Znawca mowy ciała z magazynu "Men's Health" Marc Salem sądzi, że zakrywanie ust w trakcie rozmowy dla ukrycia ziewania lub ironicznego uśmiechu, bądź nagły atak kaszlu u osoby zdrowej mogą być mimowolnym odruchem zamaskowania niewygodnego położenia.

Reklama

- Z drugiej strony, jeśli ktoś śmieje się za szybko, mechanicznie lub w nietypowej sytuacji, to może dążyć do odwrócenia uwagi od siebie i swego zachowania - dodaje.

- Szczery uśmiech rozpromienia całą twarz. Oczy nabierają blasku, a kości policzkowe i brwi podnoszą się wraz z kącikami ust - napisał Salem w artykule. - Fałszywy uśmiech pojawia się ni stąd, ni zowąd i szybko znika bez śladu.

Nieszczery uśmiech idący w parze z zakrywaniem ust, to przesadna kombinacja. Jeśli towarzyszy jej bazyliszkowy wzrok, to u rozmówcy powinny rozdzwonić się dzwonki alarmowe.
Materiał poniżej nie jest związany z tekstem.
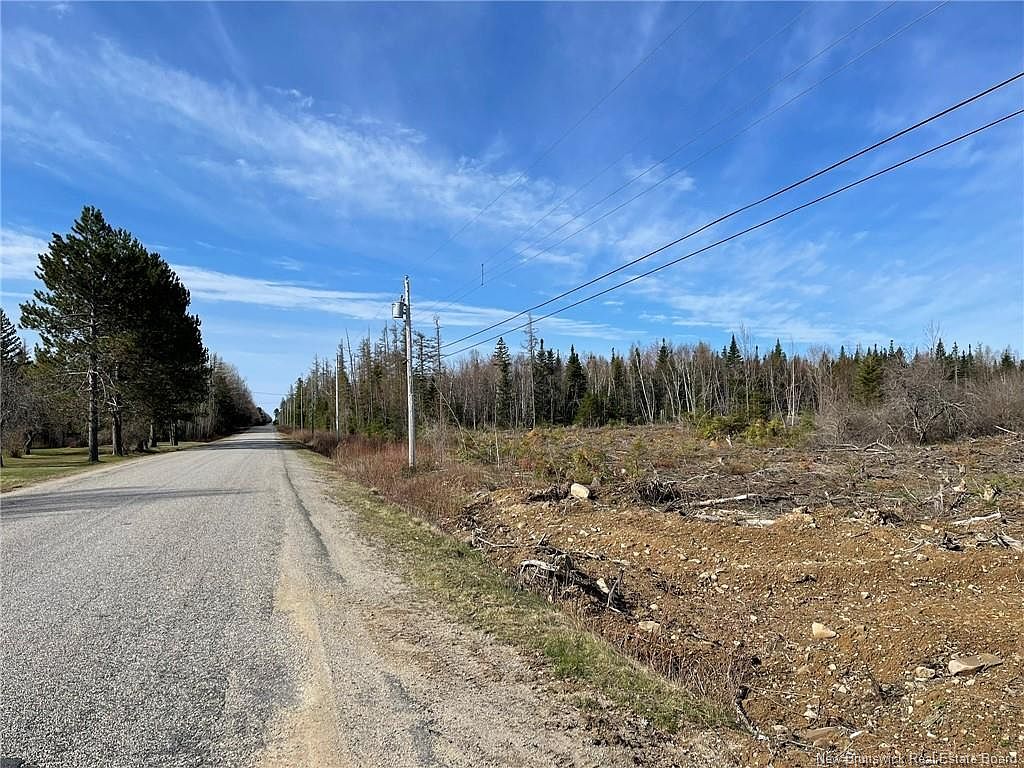 Semiwagan Rd, Nelson, NB E1N 6E7 | MLS #NB117586 | Zillow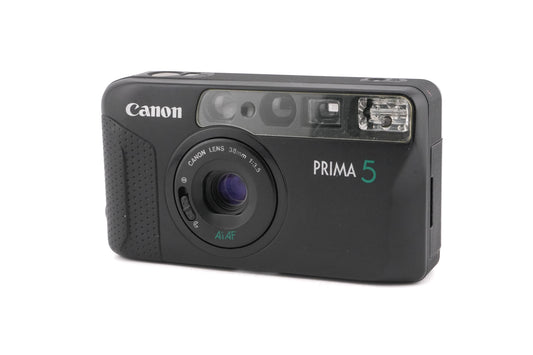 Canon Prima 5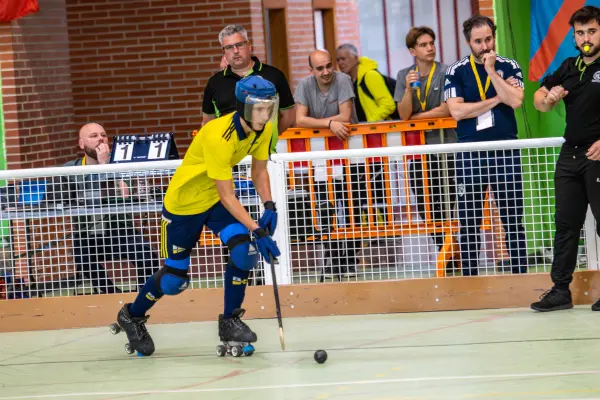 Fotos del partido RC JOLASETA - SD PONFERRADINA ORT YOLANDA [61]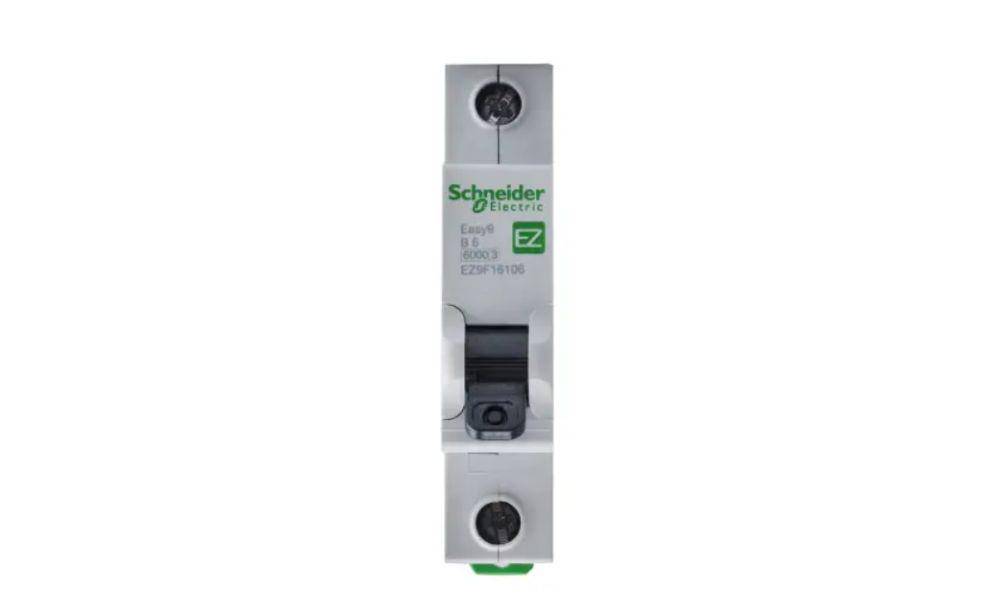 potret MCB 1 pole Schneider Electric (my.rs-online.com)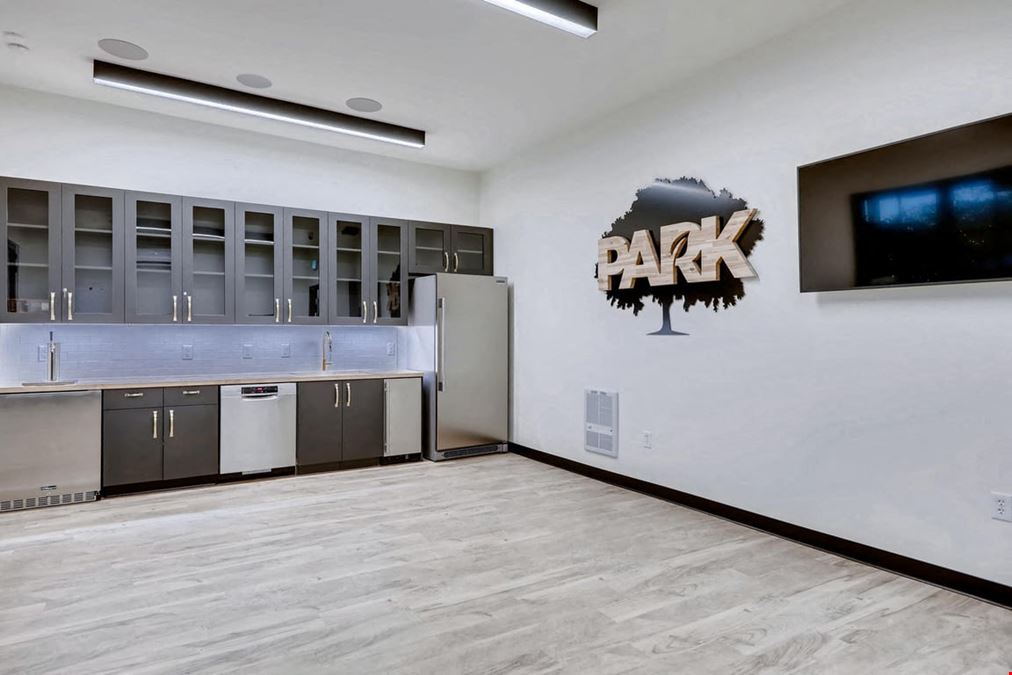 Park Coworking Denver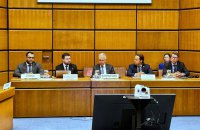 У Міненерго заявили про ризики для ядерної безпеки через російські атаки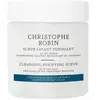 Image de Christophe Robin Cleansing Purifying Scrub with Sea Salt Shampoo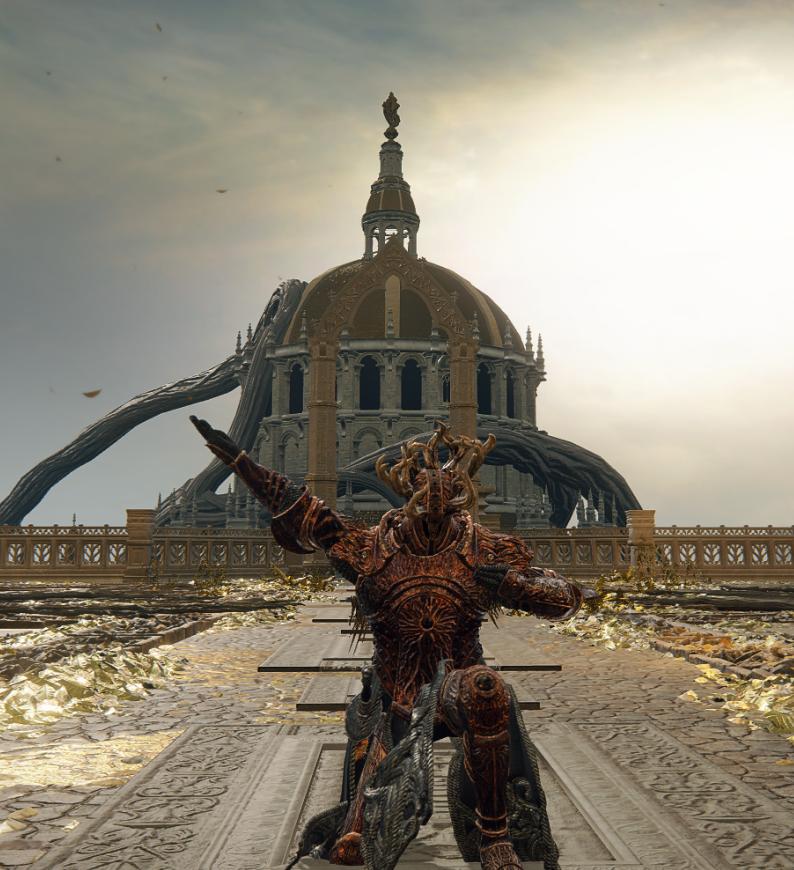 艾尔登法环属性最好的铠甲,艾尔登法环要交出孪生系列铠甲吗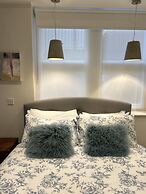 soho london suite
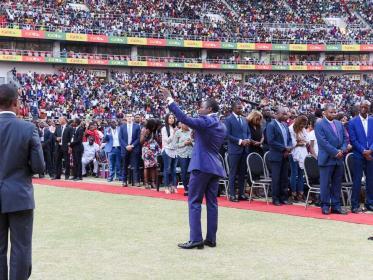 Shepherd Bushiri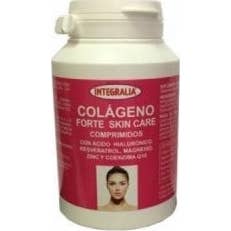 Integalia Collagen Forte Soins de la peau 120comp
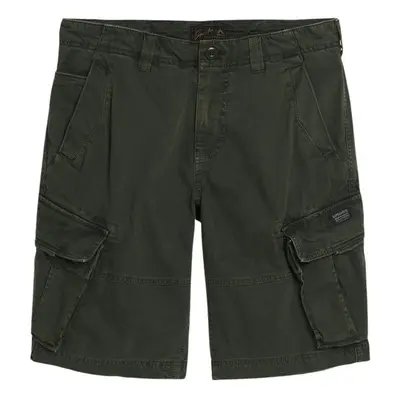 Short Superdry Core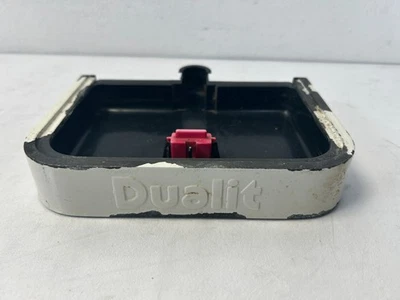 Bandeja de goteo para cafetera Dualit DCM2 3 en 1 SOLO Foto 1 de 4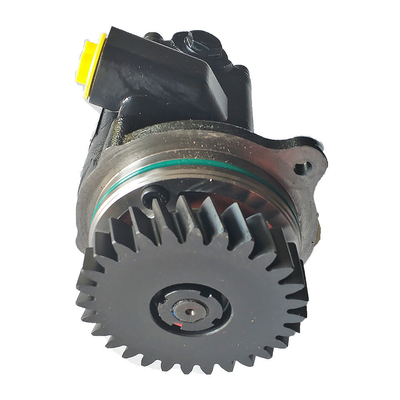 Sinotruk HOWO डंप ट्रक पावर स्टीयरिंग तेल पंप के साथ और प्रदर्शन Wg9719470037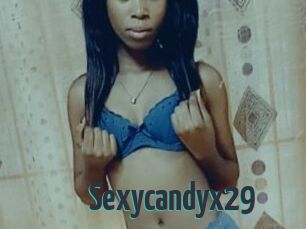 Sexycandyx29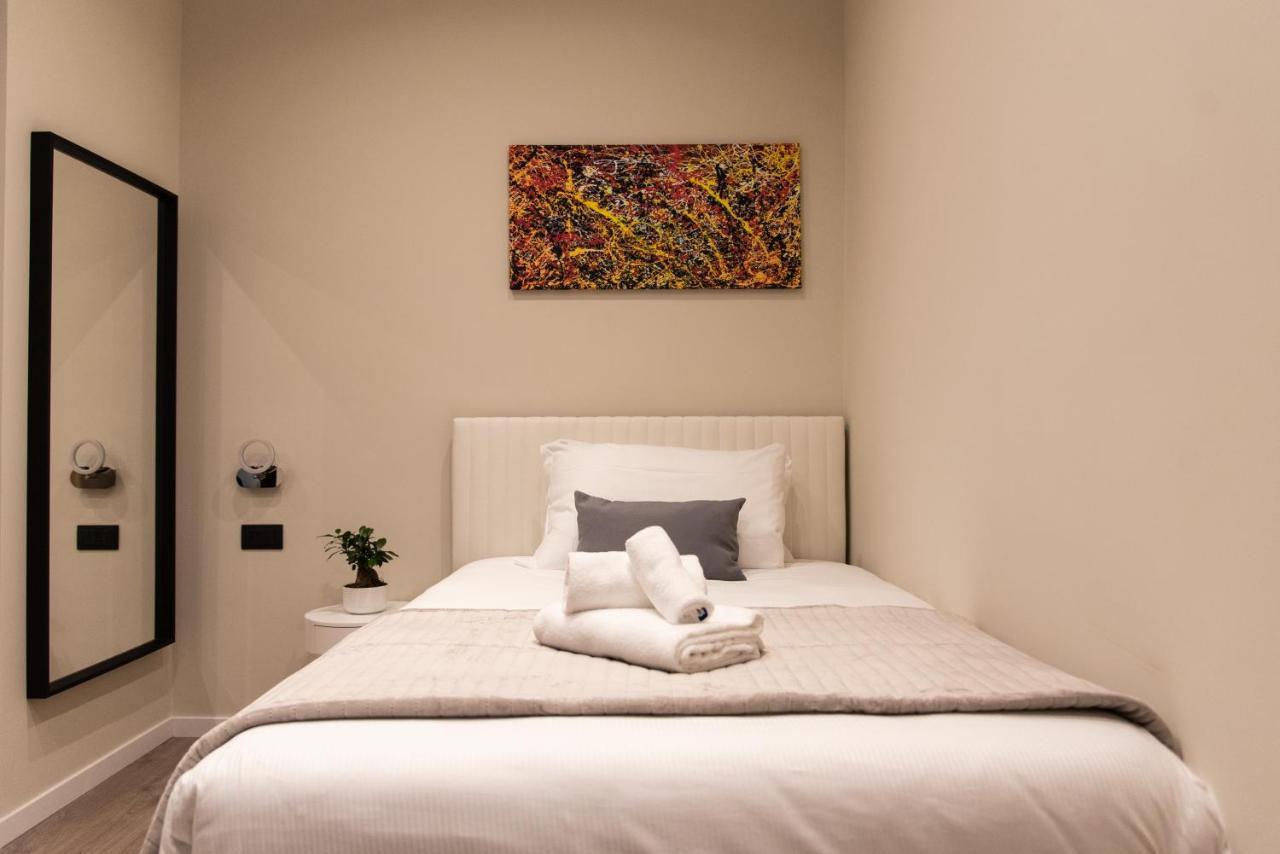 Xxiv Domus Luxury Guest house *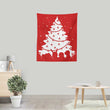 Pokemas - Wall Tapestry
Salem radzi mieć się na baczności, gdy narzeczony zaczyna głęboko patrzeć w oczy narzeczonej w reakcji na jej pytanie o ślad szminki na krawacie albo gdy kolega w pracy, który normalnie nie może usiedzieć na miejscu, jest zmrożony pytaniem o brakujący długopis lub mleko wypite z lodówki...

Reklama

Z kolei odejście od dotychczasowych norm zachowania to najbardziej oczywista oznaka, że coś jest nie tak i że osoba, która nagle zaczęła się zachowywać inaczej, może mieć coś do ukrycia.